Matt heard the distinct disapproval in her voice, the judgment, and it raised his hackles. “I’m like a lot of ranchers,” he said flatly. “I’m not particularly fond of people, especially city dwellers, and I’d rather wait out a storm by myself than have a horde of do-gooders descending on my land under the guise of neighborly generosity to rescue me, when I never needed rescuing in the first place.”

“And I suppose the men who work for you feel the same?”

“My men are seasoned ranch hands. They know the table stakes and when they’re dealt a bad hand, they take their lumps without complaint.”

“As you do.”

“Have you heard me complaining? Let me say it like it is, Hope LeClaire. You’re the only person on this ranch who’s done any complaining about being landlocked, so to speak. Now, I have to concede your right to a few complaints, but—”

Hope broke in. “How big of you,” she said with drawling sarcasm. “I wonder what you’d do if you woke up in a strange place with no memory.” She got to her feet. “I’m going back to bed, and I don’t need your help in getting there, so please just let me leave without offering the support of your big, manly arm.”

“Hey, my arm is big and manly, and your sarcasm doesn’t make it any less than it is. Take the lantern so you don’t fall flat on your ungrateful face!”

“Ungrateful? Ungrateful? How would you like me to express my gratitude, by kissing your feet? I’ve said thank you repeatedly, which you’ve either obviously forgotten or were too dense to register at the time.”

“I’m not dense, lady,” Matt growled. “And since you are, I would think that dense is a word you’d try real hard to avoid.”

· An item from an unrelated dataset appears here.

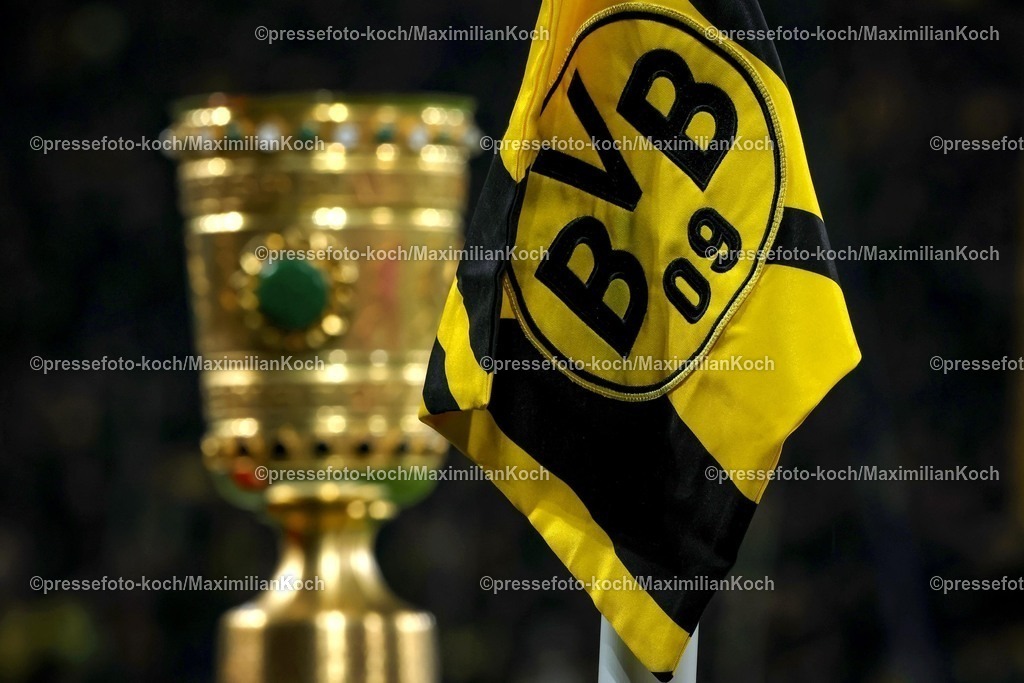 BVB02122501002 | 02.12.2025, Fußball, DFB-Pokal, Borussia Dortmund - Bayer 04 Leverkusen, Achtelfinale, Signal Iduna Park, Saison 2025 2026: Die Trophäe neben der Eckfahne mit Logo Banner Emblem des BVB 09 der Pokal in Nahaufnahme Ehrenpreis Detailfoto DFB regulations prohibit any use of photographs as image sequences and or quasi-video.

“You jerk!” she shouted, then turned herself around, plucked the lantern from the table and did her best imitation of royalty sweeping from a room filled with ignorant peasants.

“Yeah, I’m a jerk,” Matt mumbled while lighting another lantern for his use. “And you’re just as spoiled and overbearing as every other pampered princess I’ve known.”

Matt went to bed about an hour later. Lying in the dark he listened to the rain, which had slowed to a barely discernible drizzle. The storm was passing, but at this stage it was hard to forecast its final gasp. It could drizzle and mist like this for days, it could start pouring again at any time, or it could stop completely without a dram of warning.